ASSIGNMENT: Print the listing below verbatim, passing over each picture.

DATA EXCERPT:
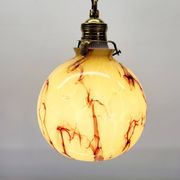Art Deco lamp in opaline glaze Verreries de Scailmont Henri Heemskerk Belgium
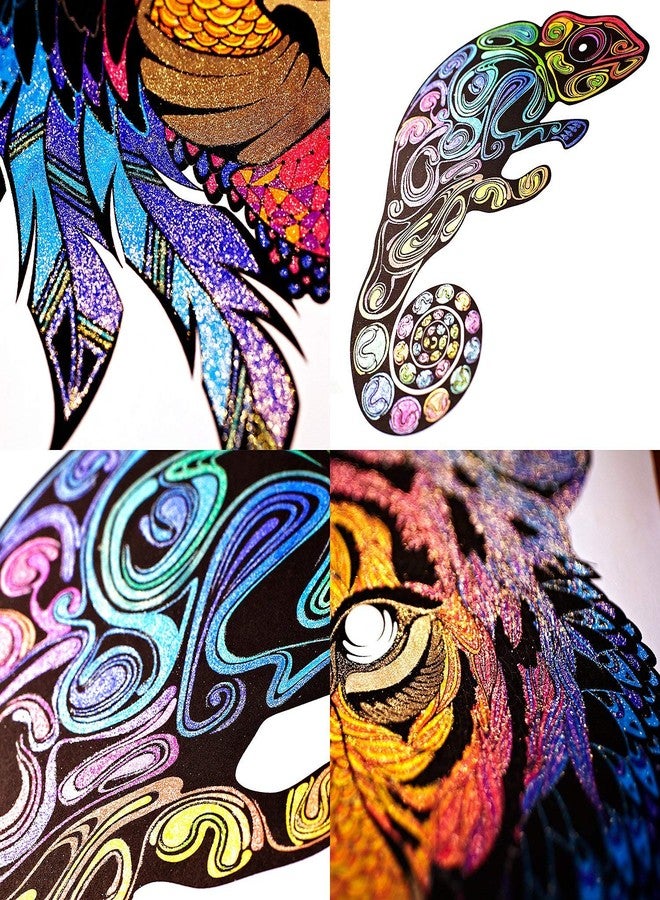 CHROMATEK Glitter Pens 60 Set Best Colors. 200% the Ink: 30 Gel Pens, 30 Refills. Super Glittery Ultra Vivid Colors. No Repeats. Professional Art Pens. New & Improved - Image 4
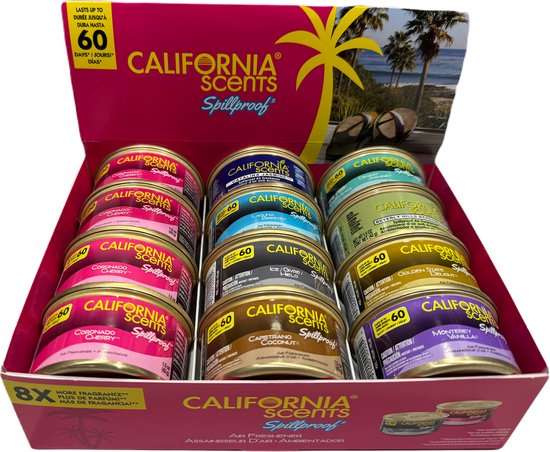 Foto: California scents spillproof 12 stuks in mix box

RESPONSE BELOW:
Art Deco lamp in opaline glaze Verreries de Scailmont Henri Heemskerk Belgium
 CHROMATEK Glitter Pens 60 Set Best Colors. 200% the Ink: 30 Gel Pens, 30 Refills. Super Glittery Ultra Vivid Colors. No Repeats. Professional Art Pens. New & Improved - Image 4
 Foto: California scents spillproof 12 stuks in mix box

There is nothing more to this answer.